The Business of TV: ‘Captain America 2’ Just Changed Everything for ‘Marvel's Agents of SHIELD’

Beginning with tonight's episode, "Captain America: The Winter Soldier" will change "Marvel's Agents of S.H.I.E.L.D." for good. Here's what fans and investors need to know.

Steve Symington
Steve Symington
Apr 8, 2014 at 5:06PM
The Business
Warning: This article contains spoilers!

Disney's ABC is using both Captain America and Agents of SHIELD to battle CBS for ratings supremacy.

The events in Captain America: The Winter Soldier will shape the future direction of Agents of S.H.I.E.L.D. Credit: Disney/Marvel.

Are you ready, Agents of S.H.I.E.L.D. fans? Because thanks to the record-breaking box office debut of Disney (NYSE:DIS) Marvel's Captain America: The Winter Soldier, tonight's new episode should be one to remember.

And no, not like the halfhearted Thor: The Dark World crossover we got back in November, when the episode literally involved the team cleaning up Thor's mess and later tracking down an Asgardian we'd never heard of. Of course, that did provide a temporary boost to ABC's ratings and arguably validated Disney's crossover business strategy, but admittedly left many viewers underwhelmed.

Then there's Lady Sif's appearance a few weeks ago, which also boosted ratings and proved significantly more more fun to watch. But in the end, Sif's appearance felt like more of an afterthought en route to something bigger.

Disney's ABC is using both Captain America and Agents of SHIELD to battle CBS for ratings supremacy.

Lady Sif appeared on the March 11 episode of Marvel's Agents of S.H.I.E.L.D. Credit: Disney/ABC.

That's exactly where Captain America: The Winter Soldier comes into play; If you've seen the film, you know the infamous Hydra just effectively caused everybody's favorite fictional government agency to implode from within. Then again, I suppose it now makes sense why last week's shocking episode ended with Agent Victoria Hand ordering the execution of everyone on the plane -- that is, except for Agent Coulson, whom she wanted to personally kill.

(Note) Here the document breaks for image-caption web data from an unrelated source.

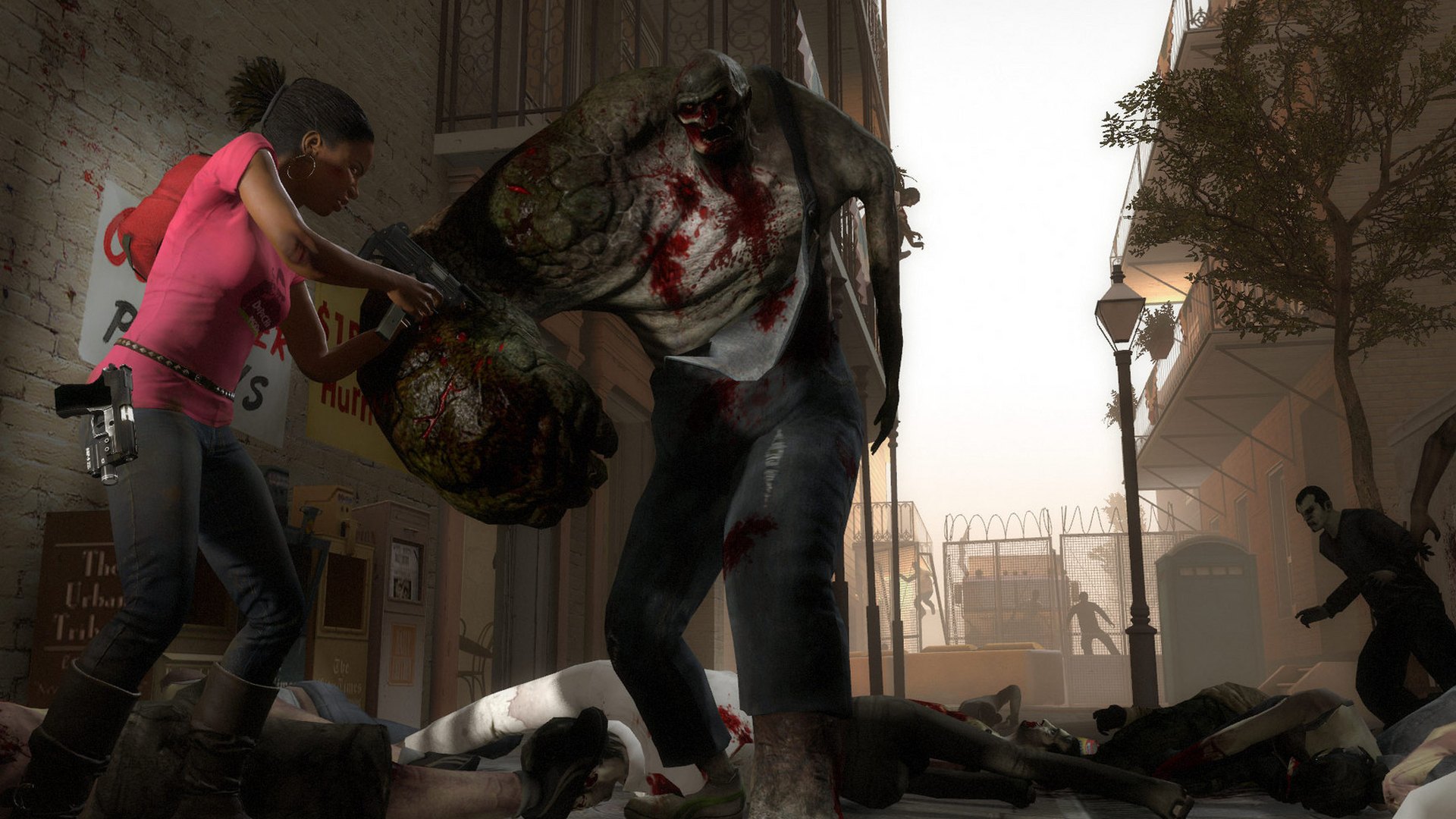 Left 4 Dead 2 gameplay screenshot showing survivors fighting a horde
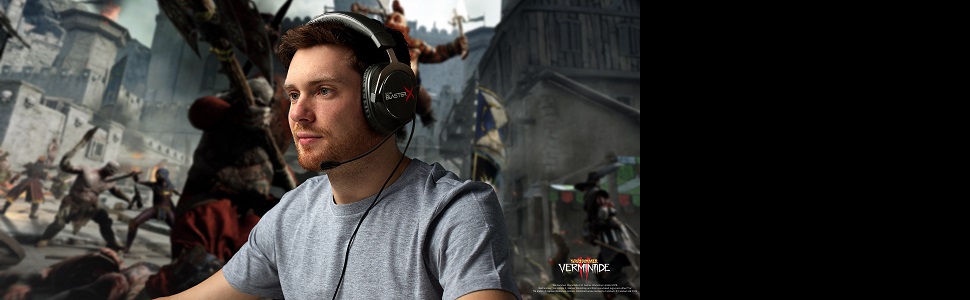 a gamer wearing a headset connected to sound blasterx g6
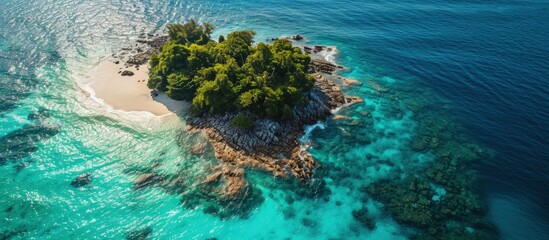 Poster - Aerial view of a beautiful tropical island surrounded by coral reef and a clear ocean. Creative Banner. Copyspace image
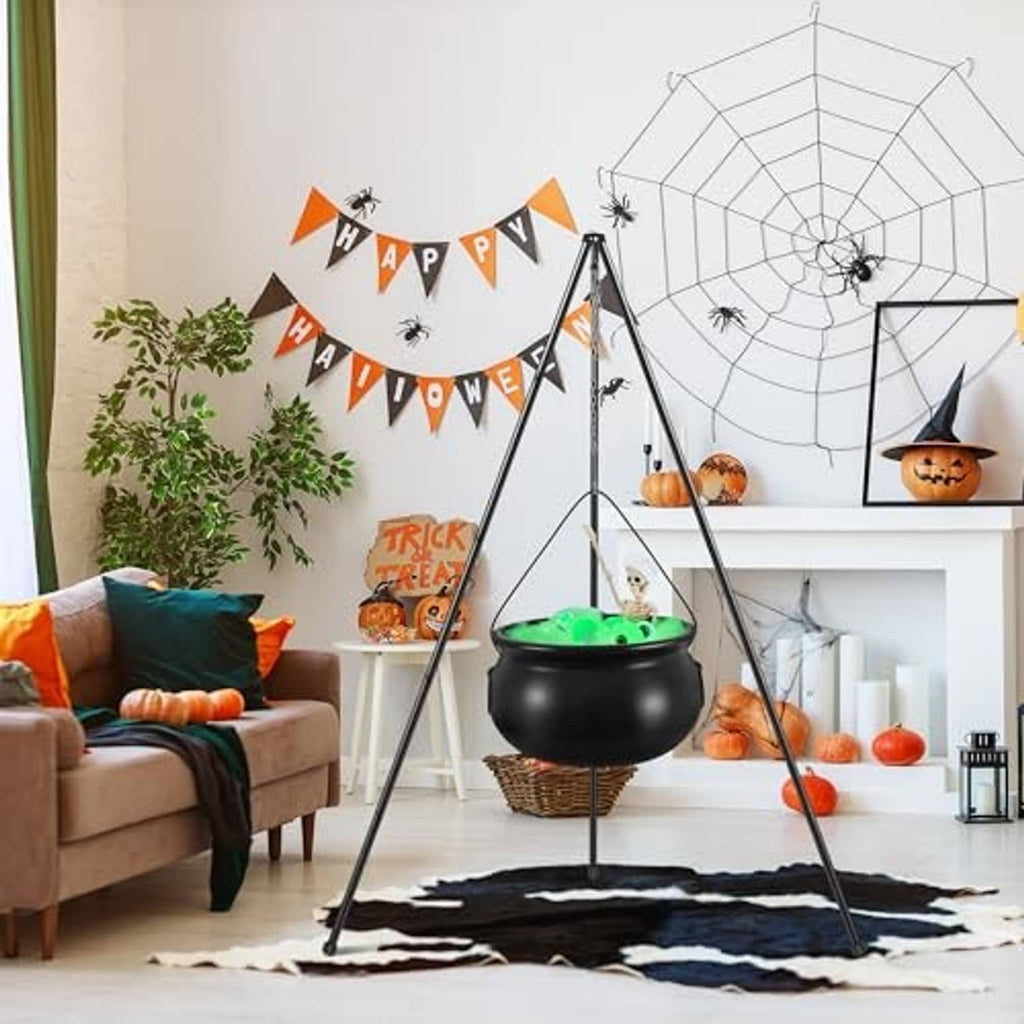 Green-lit witch cauldron hanging on tall tripod stand on a black spider-web rug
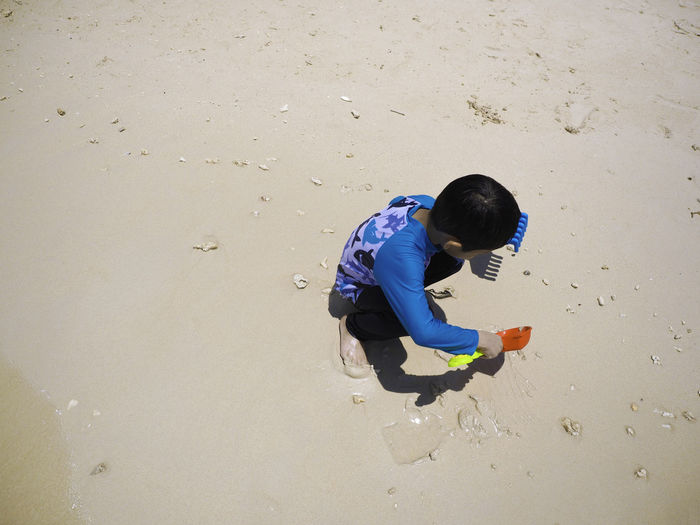 High angle view of boy playing on beach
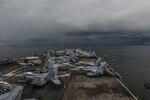 PHILIPPINE SEA (June 26, 2018) The Navy's forward-deployed aircraft carrier, USS Ronald Reagan (CVN 76), steams along the coast of the Republic of the Philippines before a scheduled port visit in Manila. Ronald Reagan, the flagship of Carrier Strike Group 5, provides a combat-ready force that protects and defends the collective maritime interests of its allies and partners in the Indo-Pacific region.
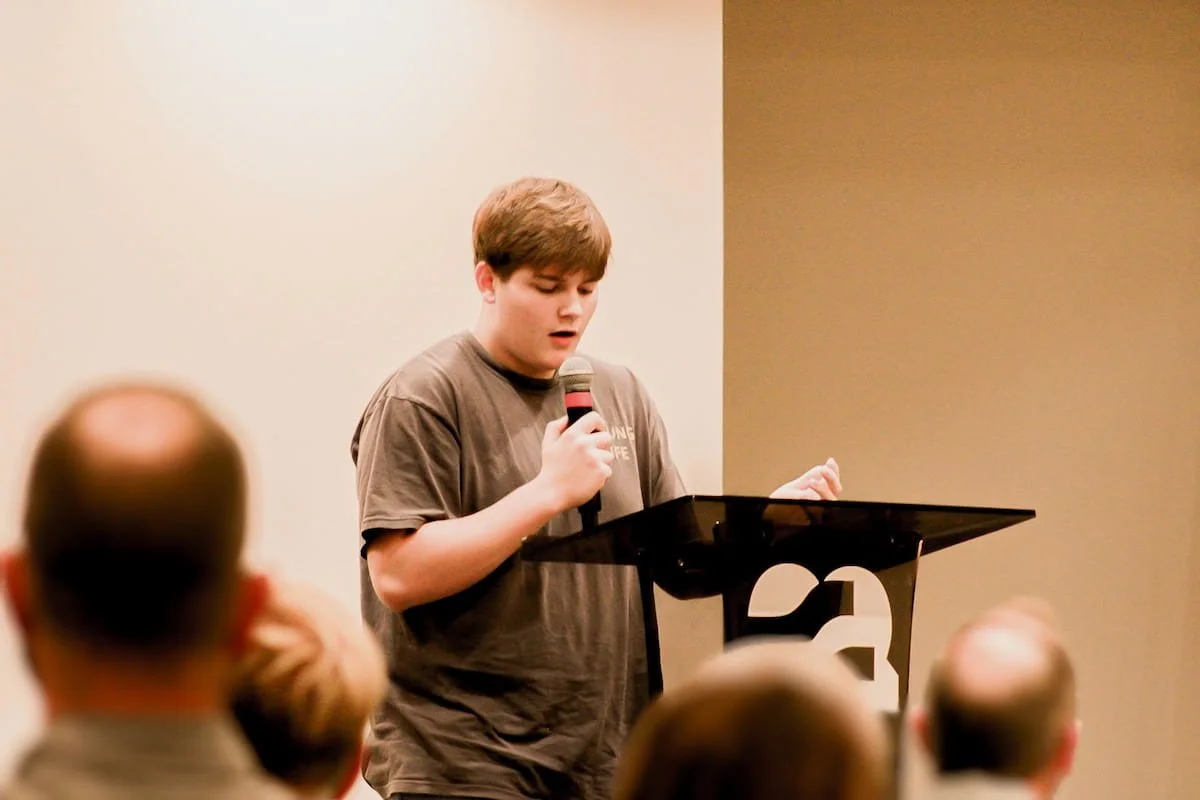 A young boy standing at a podium, speaking about the positive impact volunteering adults made in his life through teen fellowships and events.
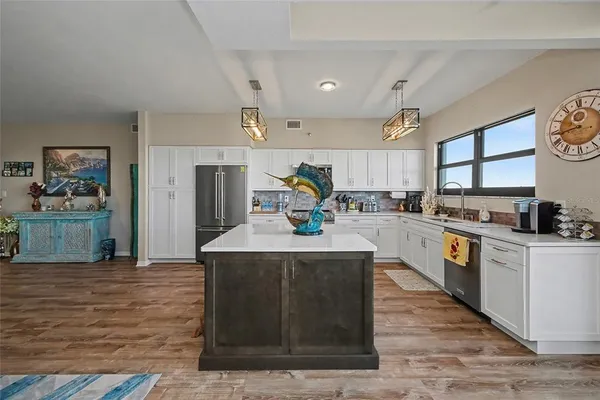 a kitchen with a sink and a large window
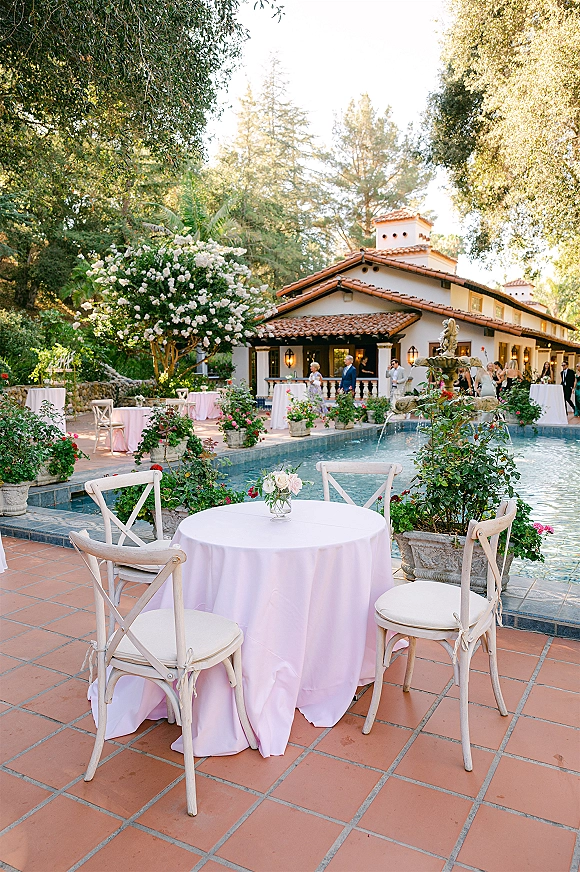 Outdoor reception decor with a round cocktail table in pale pink linens, white rose bud vase centerpiece, and pool fountain on a villa patio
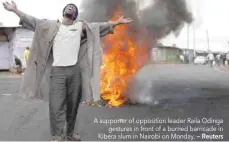  ?? — Reuters ?? A supporter of opposition leader Raila Odinga gestures in front of a burned barricade in Kibera slum in Nairobi on Monday.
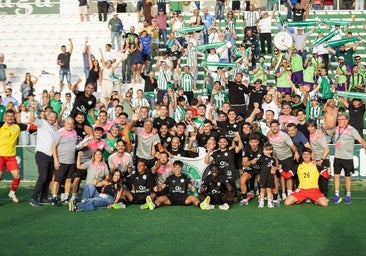 The Torremolinos players celebrate salvation with the travelling fans at El Maulí.
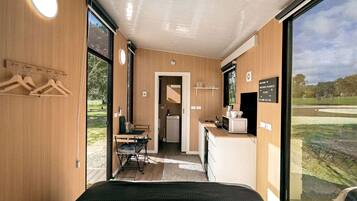 Una habitación con cama, una kitchenette pequeña y vistas al exterior.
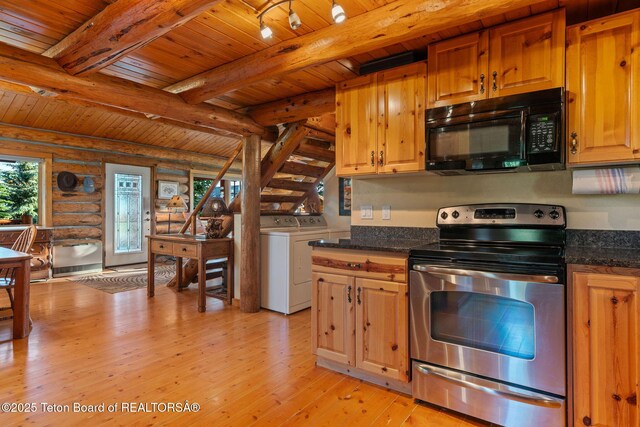 5100 Country Club Dr, Victor, ID 83455 - kitchen with black microwave, stainless steel electric stove, independent washer and dryer, rustic walls, and a wooden ceiling with exposed beams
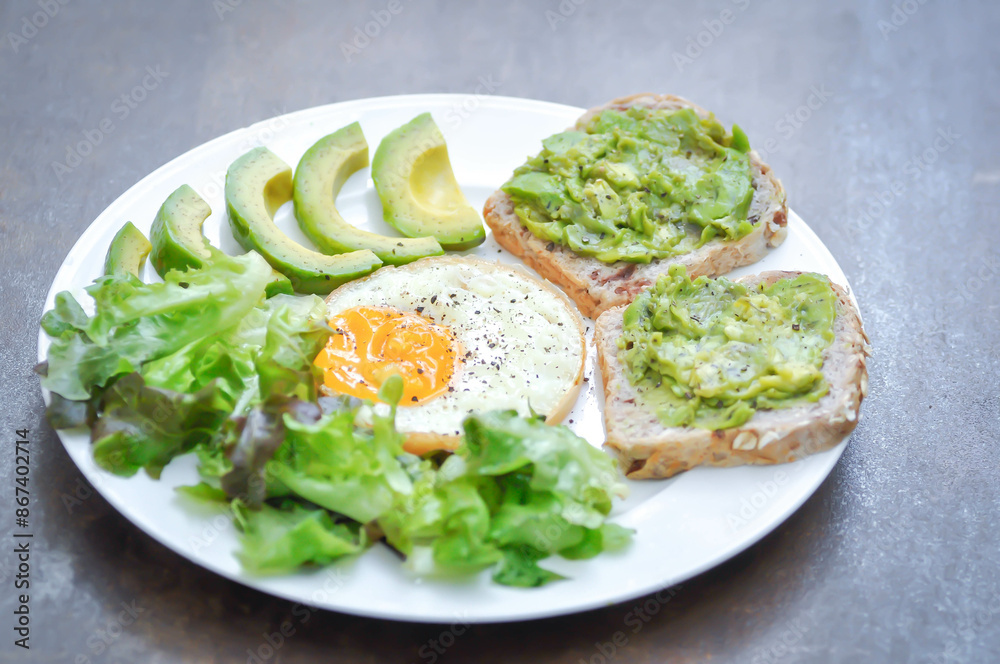 bread with mashed avocado topping ,sunny side up egg with lettuce and avocado bread with mashed avocado topping ,sunny side up egg with lettuce and avocado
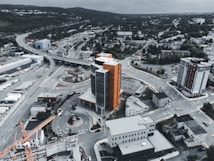 An aerial view of an urban landscape featuring a tall, modern building with orange accents. Surrounding the building are roads, a crane, and other smaller structures. The scenery includes more buildings in the background, hills, and greenery, under a cloudy sky.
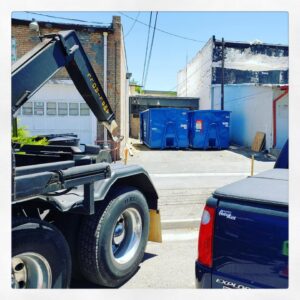 A Blue Bear Waste Services truck with two dumpsters in an urban alleyway in Denver, CO.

Agents of S.H.I.E.L.D. is stronger than you think
But whatever happens, from an investors' standpoint it seems reasonable to expect a big-screen crossover of this magnitude to result in yet another ratings increase.

That would go a long way toward appeasing Agents of S.H.I.E.L.D.'s skeptics, especially after ratings for last week's episode fell by a tenth from the previous original telecast to a 2.0 in the core 18-49 demographic. However, that result was especially impressive as it came with the help of "just" 5.71 million live viewers. By contrast, a new episode of CBS' (NYSE: CBS) NCIS simultaneously achieved a 2.4 rating with 17.16 million viewers.

In short, while ABC's Agents of S.H.I.E.L.D. is still working from a much smaller base than CBS' NCIS enjoys, its viewership is still comprised of individuals who, on average, are significantly more valuable to the show's advertisers. 

Related Articles

Better yet, ABC also chimed in with a press release this morning to confirm that, thanks largely to delayed DVR viewers, Agents of S.H.I.E.L.D. is still Tuesday's No. 1 scripted show this season with Adults 18-49. In fact, each of Agents of S.H.I.E.L.D.'s episodes have averaged a 4.2 Live + 7 Day rating so far, or just ahead of NCIS' solid 4.1.

Is this sustainable? 
It would be irresponsible, however, not to point out the one big caveat to Disney's novel television business model: Namely, that setting this kind of crossover precedent for Agents of S.H.I.E.L.D. carries with it a certain degree of risk. 

We've seen how this can play out in the comics world, where entering an uninhibited crossover craze might help sales jump for a short while before readers get exhausted and leave. 

To their credit, it appears this is a risk of which Agents of S.H.I.E.L.D.'s producers are well aware, and they seem to be taking a more methodical approach to developing their story lines to keep viewers hooked over the long term. At the same time, when they do employ crossovers with Marvel many future cinematic properties, they simply can't leave viewers wanting when the credits roll. In the end, if Agents of S.H.I.E.L.D. can continue intelligently tying in to its big-screen counterparts while at the same time maintaining its independence from them, there's no reason the show won't be able to thrive for years to come.